Gabriel Sterling, the state’s voting system manager, said Fayette County election workers didn’t initially upload votes stored on a memory card.
“They didn’t do the reconciliation process properly,” he said.
The breakdown of the uncounted ballots was 1,577 for Trump, 1,128 for Biden, 43 for Libertarian Jo Jorgensen, and seven write-in votes, Sterling said.
Tuesday’s incident marks the second time a big batch of votes were uncounted in the state’s original tally.
On Monday, election officials said they found 2,600 uncounted ballots in Floyd County.
“The reason you do an audit is to find this kind of thing,” Sterling, who oversaw the implementation of the new election system for the secretary of state’s office, said Monday night.
In that incident, the error occurred because county election officials failed to upload votes from a memory card in a ballot scanning machine, Sterling said, adding that he believed Floyd County’s elections director should resign.
Both counties will have to recertify their results, and the margin between Trump and Biden currently sits around 13,000.

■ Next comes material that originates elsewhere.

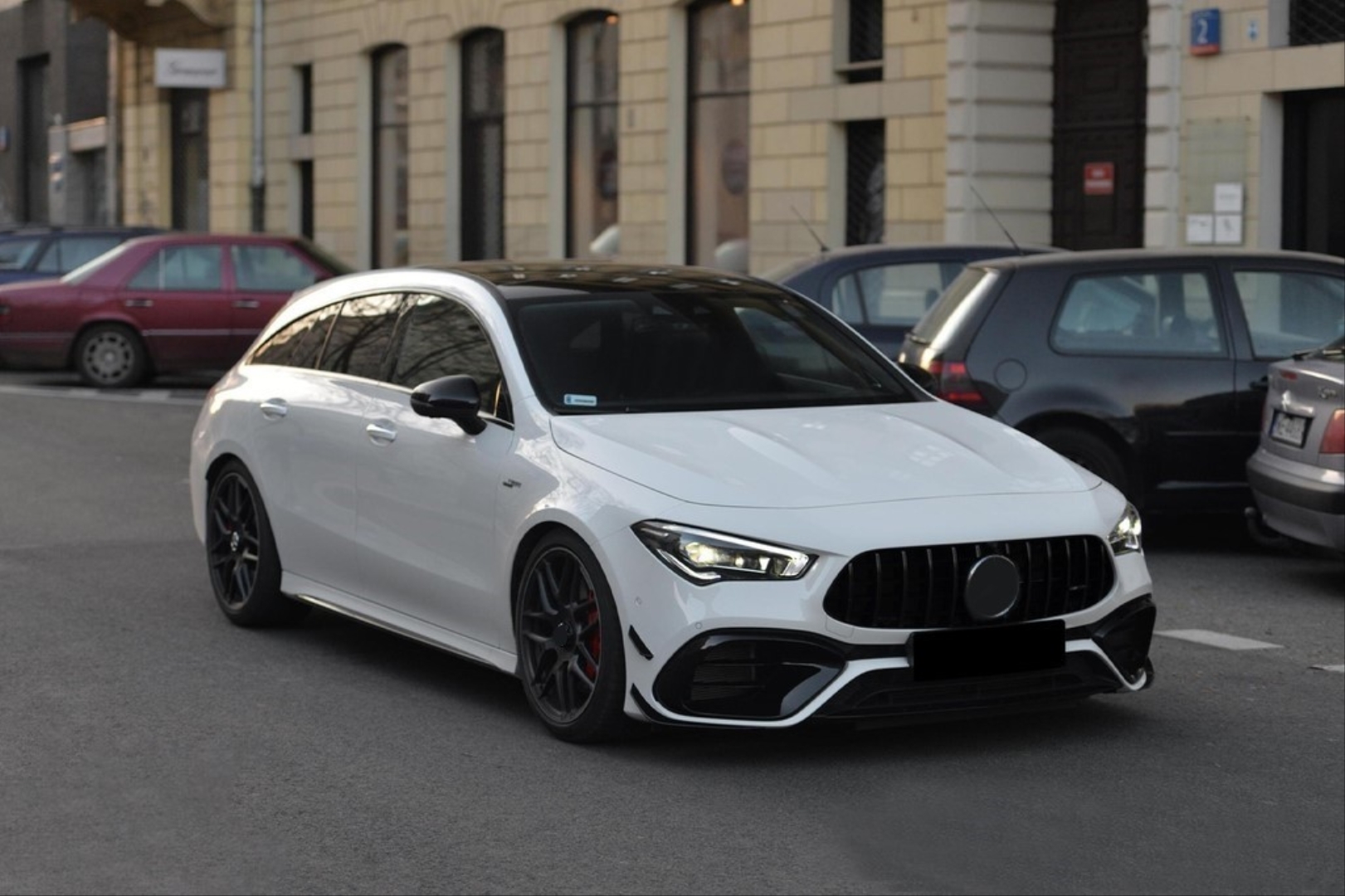 Mercedes-Benz W118 CLA 2019-2022 İçin Uyumlu GTR Panjur Siyah 4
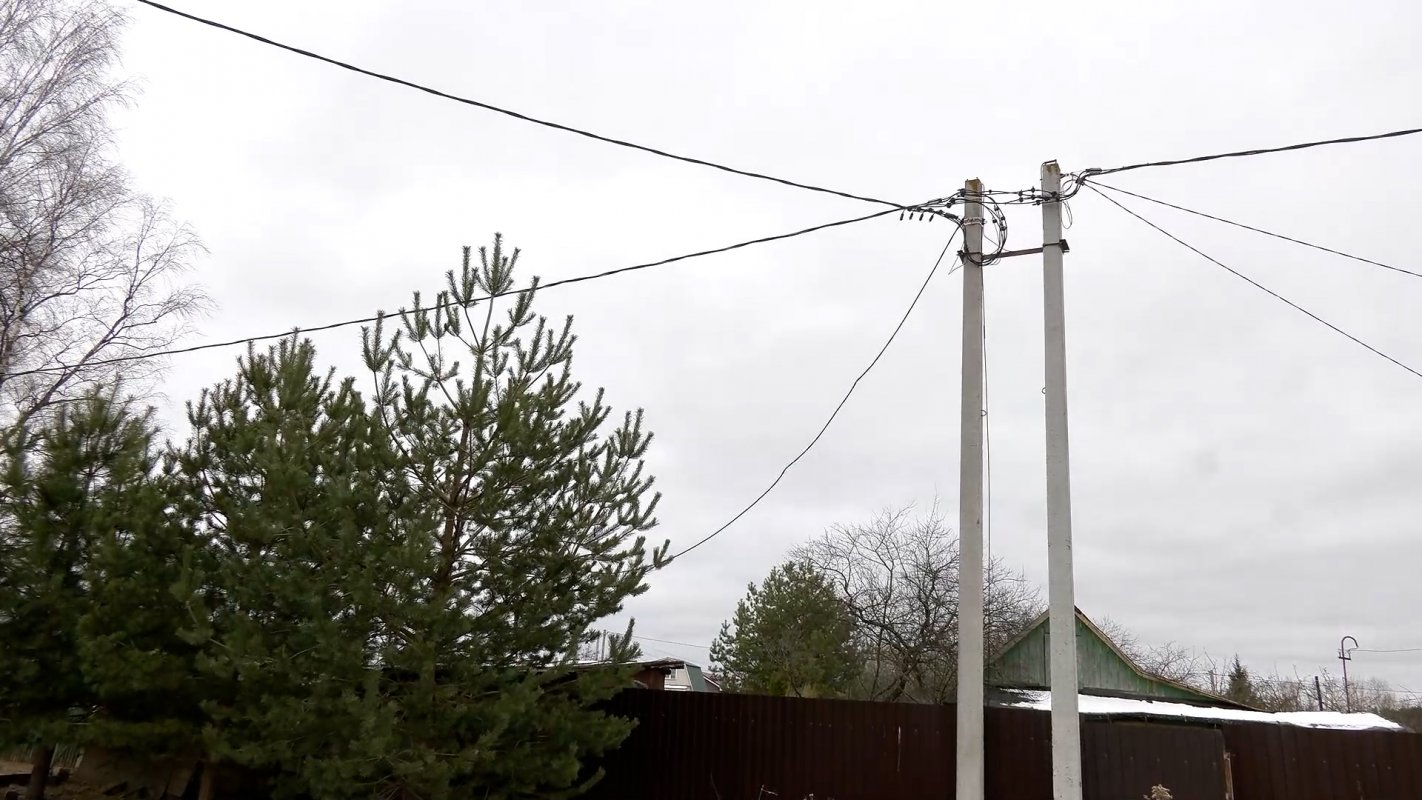 К началу лета новую линию подключат к электросетям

The news comes on the heels of an announcement by embattled Secretary of State Brad Raffensperger, who said a random audit of a sample of Georgia’s new voting machines found no evidence of hacking or tampering.
The audit was done on a random sample from voting machines in Cobb, Douglas, Morgan, Paulding, Spalding, and Floyd counties.
Election officials in the state’s 159 counties have until 11:59 p.m. Wednesday to finish the recount. The results will be certified on Friday.